TimefenceSchemaError

Raised when expected columns are missing or types are mismatched between source, labels, and feature definitions.

TimefenceSchemaError: Feature 'rolling_spend' is missing required key column(s): ['user_id'].

  Point-in-time joins require matching keys between labels and features.
  Without ['user_id'], Timefence can't determine which feature rows belong to which entity.

  Expected keys: ['user_id']
  Actual columns: ['customer_id', 'created_at', 'amount']
  'customer_id' is similar to 'user_id' — possible rename?

  Fix: Add key_mapping to your feature definition:
    key_mapping={'user_id': 'customer_id'}

Common causes: Column renamed between sources, typos in key names, using the wrong file.

Fix: Correct the column name, or use key_mapping on the Feature to map label keys to source keys.

TimefenceDuplicateError

Raised when duplicate (key, timestamp) pairs exist in a source and on_duplicate="error" (default).

TimefenceDuplicateError: Feature 'user_country' has 42 duplicate (key, feature_time) pairs.

  When multiple feature rows have the same key and timestamp, the
  point-in-time join becomes non-deterministic. Timefence cannot guarantee
  which row would be selected.

  Example duplicates (showing first 3):
    {'"user_id"': 101, '"updated_at"': Timestamp('2024-03-15 10:00:00'), 'cnt': 3}
    {'"user_id"': 205, '"updated_at"': Timestamp('2024-03-16 14:30:00'), 'cnt': 2}

  Fix (pick one):
    1. Deduplicate in your source data or SQL
    2. Set: timefence.Feature(..., on_duplicate="keep_any")

Common causes: Multiple events at the same timestamp, duplicated source data, ETL issues.

Fix: Deduplicate your source, or set on_duplicate="keep_any" if you don't care which row is selected.

TimefenceTimezoneError

Raised when mixing timezone-aware and timezone-naive timestamps across sources and labels.

TimefenceTimezoneError: Mixed timezones between labels and feature 'rolling_spend'.

  Labels 'label_time' is timezone-aware (UTC).
  Feature 'rolling_spend' timestamp is timezone-naive.

  Comparing these directly could shift joins by hours.

  Sample values:
    label_time:   2024-03-15 10:00:00+00:00
    feature_time: 2024-03-15 10:00:00

Common causes: One data source uses UTC-aware timestamps, another uses naive timestamps.

Fix: Normalize all timestamps to the same type — either all timezone-aware or all timezone-naive.

TimefenceConfigError

Raised for invalid parameter combinations.

TimefenceConfigError: embargo (400d) must be less than max_lookback (365d).

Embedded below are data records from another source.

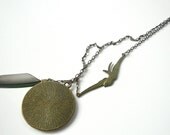 Flying Sparrow Necklace, Vintage Inspired Necklace, Feather Necklace, Antique Bronze Necklace, Swing, Swing Jewelry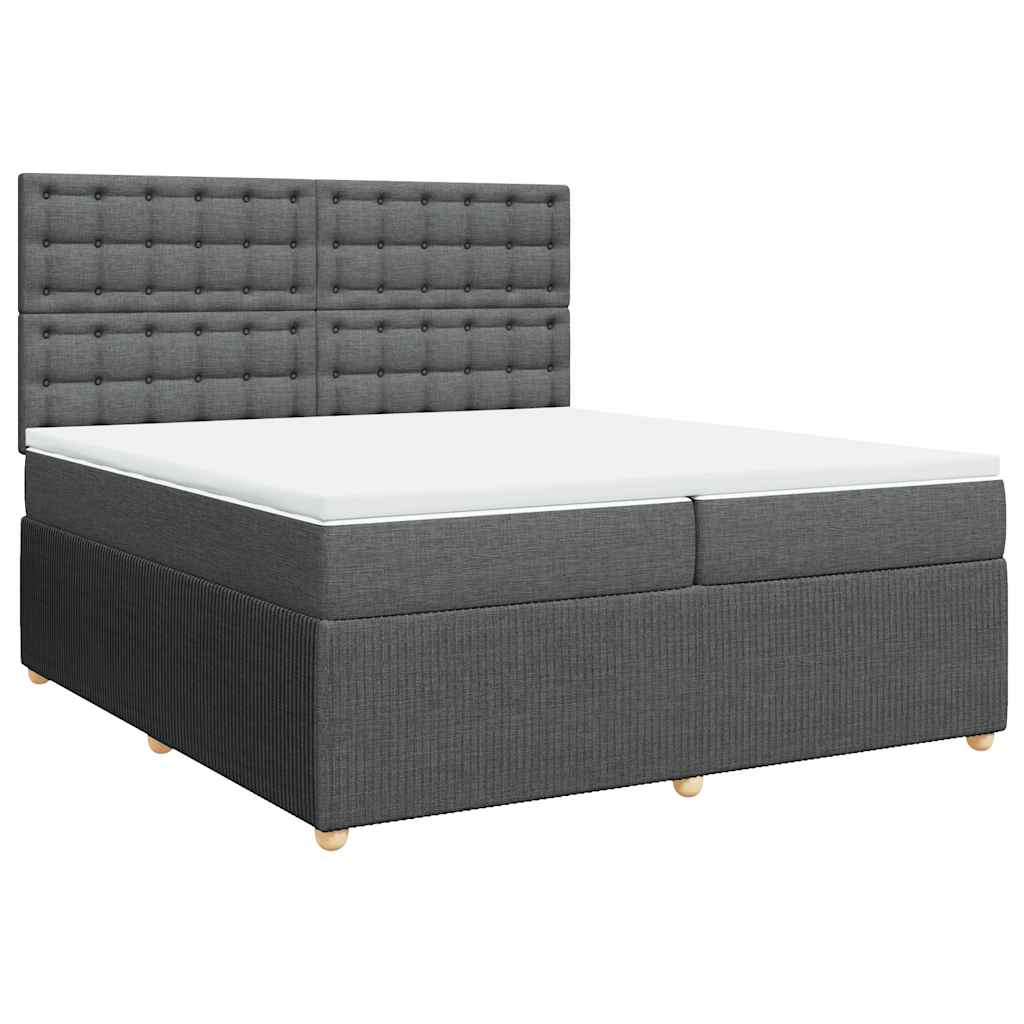 vidaXL Pat box spring cu saltea, gri închis, 200x200 cm, textil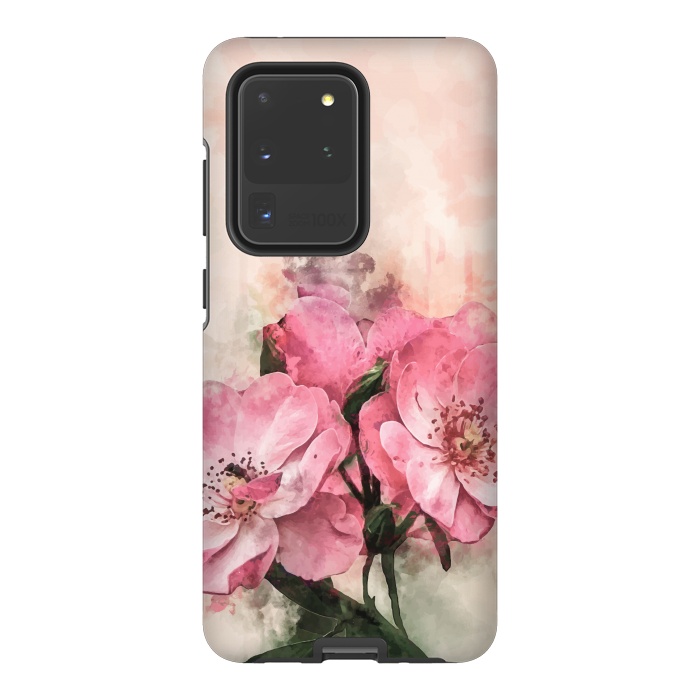Galaxy S20 Ultra StrongFit Vintage Pink Flower by Creativeaxle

  When embargo equals or exceeds max_lookback, the join window is empty —
  no feature can ever match. This is almost certainly a misconfiguration.

  Current: max_lookback=365d, embargo=400d → empty window
  Likely intent: max_lookback=365d, embargo=1d

  Fix: Increase max_lookback or decrease embargo.

Other examples:

  • join must be "strict" or "inclusive"
  • on_missing must be "null" or "skip"
  • on_duplicate must be "error" or "keep_any"
  • Feature requires exactly one of columns, sql, or transform
  • Duplicate or colliding feature names

TimefenceLeakageError

Raised by report.assert_clean() when temporal leakage is detected.

TimefenceLeakageError: Temporal leakage detected in features: rolling_spend_30d, days_since_login

Where it appears: Only from AuditReport.assert_clean(). The audit() function itself returns a report — it does not raise.

TimefenceValidationError

Raised for general input validation failures.

TimefenceValidationError: Source requires either 'path' or 'df' parameter.
TimefenceValidationError: Source accepts either 'path' or 'df', not both.
TimefenceValidationError: Labels 'keys' cannot be empty. Provide at least one entity key column.

Handling errors

import timefence
from timefence.errors import (
    TimefenceError,
    TimefenceSchemaError,
    TimefenceLeakageError,
)

# Catch a specific error
try:
    result = timefence.build(labels=labels, features=[feature], output="train.parquet")
except TimefenceSchemaError as e:
    print(f"Schema issue: {e}")
    # Inspect the error message for suggested fixes

# Catch any Timefence error
try:
    result = timefence.build(labels=labels, features=[feature], output="train.parquet")
except TimefenceError as e:
    print(f"Timefence error: {e}")

# CI pattern: assert_clean raises TimefenceLeakageError
try:
    report = timefence.audit(data="train.parquet", features=[feature], keys=["user_id"], label_time="label_time")
    report.assert_clean()
except TimefenceLeakageError:
    print("Leakage found — failing build")
    sys.exit(1)